How break-up scenes/ conflict in romances they can be done well

Most of the contemporary romances I really love don’t have an obligatory break-up scene. An obligatory break-up scene usually can and will diminish my enjoyment of a book, usually not enough to knock down a star, but still negatively impacts my enjoyment. I do remember one romance book that almost was a 5 star rating and then the obligatory break-up scene happened and I disliked it so much it ended up with a 4 star, still a very good romance, but I dislike that part so much I couldn’t award it a 5 star anymore.
Okay back to the topic how can conflict or a break-up scene be done well? Mostly by being the opposite of what I mentioned before. I want the conflict to feel in character. If you have a character who runs when things get hard she will run when conflict arises, if a character avoids conflict she will do so, if someone has a fiery personality and gets angry and lashes out, she will also do so in conflict. That’s realistic and makes sense, but characters who are normally level headed and suddenly get irrationally angry or people who are always honest, but suddenly lie about something big, that just feels weird and out of character. I want the break-up or conflict to feel realistic, fitting the story and the characters. And if at all possible be original, I don’t want to read about the exact pattern of conflict or building relationships again. I want something slightly different. I want it to be shaped by the characters. Everyone is different and everyone’s relationships are different too, let that shape how they deal with conflict as well. I want to feel and understand why this conflict is there and if they really need to break-up, make me understand why. Although in my opinion a break-up is very serious and is usually what you do after everything has failed. I want to see couples try and save the relationship, instead of just giving up. So in general I think the best way to handle conflict in a book is to not have a break-up scene, but have the couple deal with it in a different way, but I’ve also read a few break-up scenes that did feel natural and realistic, but there are few of those.

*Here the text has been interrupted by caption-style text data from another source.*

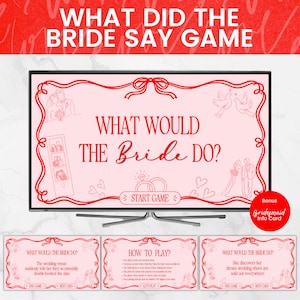 May include: A digital wedding game titled What Would The Bride Do? displayed on a television screen with a light pink background, red decorative borders, and line art illustrations of a couple, doves, and rings, plus three smaller game slides.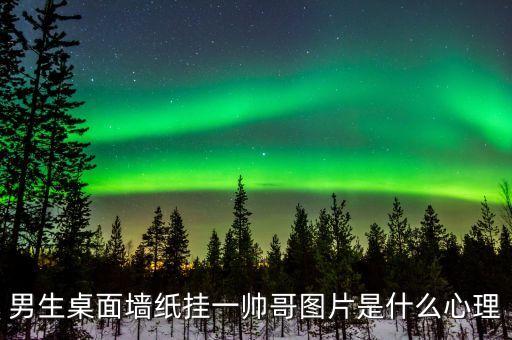 男生桌面墻紙掛一帥哥圖片是什么心理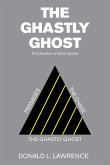 The Ghastly Ghost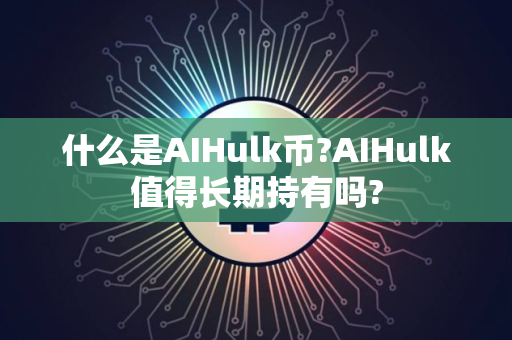 什么是AIHulk币?AIHulk值得长期持有吗?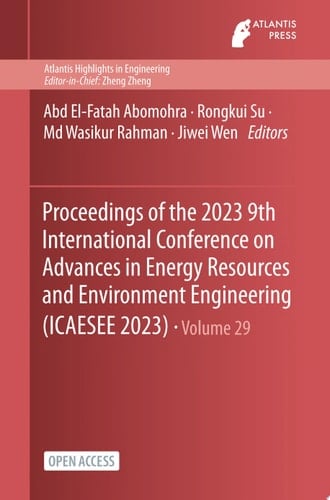 Proceedings of the 2023 9th International Conference on Advances in Energy Resources and Environment Engineering (ICAESEE 2023)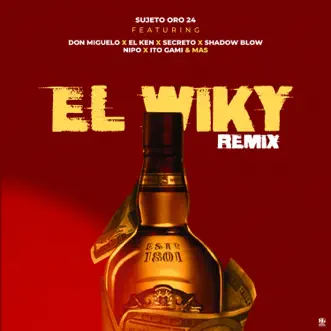 El Wiky (feat. Don Miguelo, Secreto 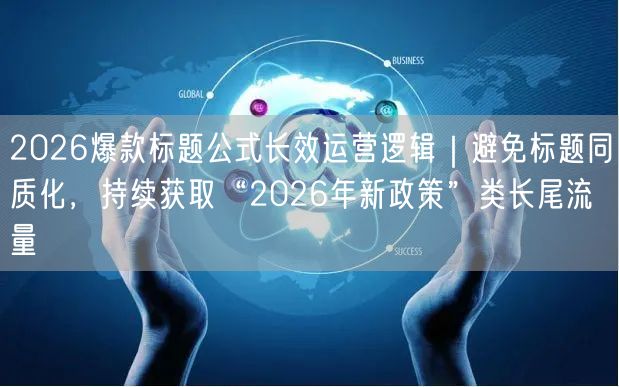 2026爆款标题公式长效运营逻辑｜避免标题同质化，持续获取“2026年新政策”类长尾流量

What do you think of the obligatory break-up scene in romances? Do you like it or hate it? And which books handle break-up scenes or conflict well?


32 responses to “Lola’s Ramblings: Why I hate the Obligatory Break-up Scene in Books

  1. Ani

    I’m with you on the obligatory break-up scene. I like to call it the obligatory BIG MISUNDERSTANDING IN ROMANCES, because that tends to be the catalyst for the obligatory break-up scene in a lot of romances I’ve read (and a lot of K-drama I’ve watched). And like you, I really hate them when they feel like they’re included for the sake of being included–like the writer needed to meet some sort of romantic angst quota or something and the only way to do that is to write a forced obligatory break-up scene even though it seems out of character.

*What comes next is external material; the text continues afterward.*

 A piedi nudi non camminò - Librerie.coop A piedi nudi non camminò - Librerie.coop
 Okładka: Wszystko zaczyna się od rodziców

    One good break-up scene I liked is actually not really a break-up scene per se, because the couple don’t actually break-up face-to-face and just kind of move on; but the couple splits up for pretty legitimate reasons–Cindy Gerard’s The Way Home. So it made their reunion extra sweet.

    I can’t seem to pluck off the top of my head any other ones, though I read a lot of romantic suspense and the characters/couples tend to spend more time brooding about not being able to be together in the long run more than having actual break-ups. And then they have more problems to worry about anyway…

    Great topic!
    Ani recently posted…Thoughts: The Perfect HusbandMy Profile

    • That’s a good way to name it as well. And indeed often it’s all based either on a big misunderstanding or lack of communication. I don’t mind a break-up scene when it feels natural, but often it feel so artificial and added just for the sake of conflict.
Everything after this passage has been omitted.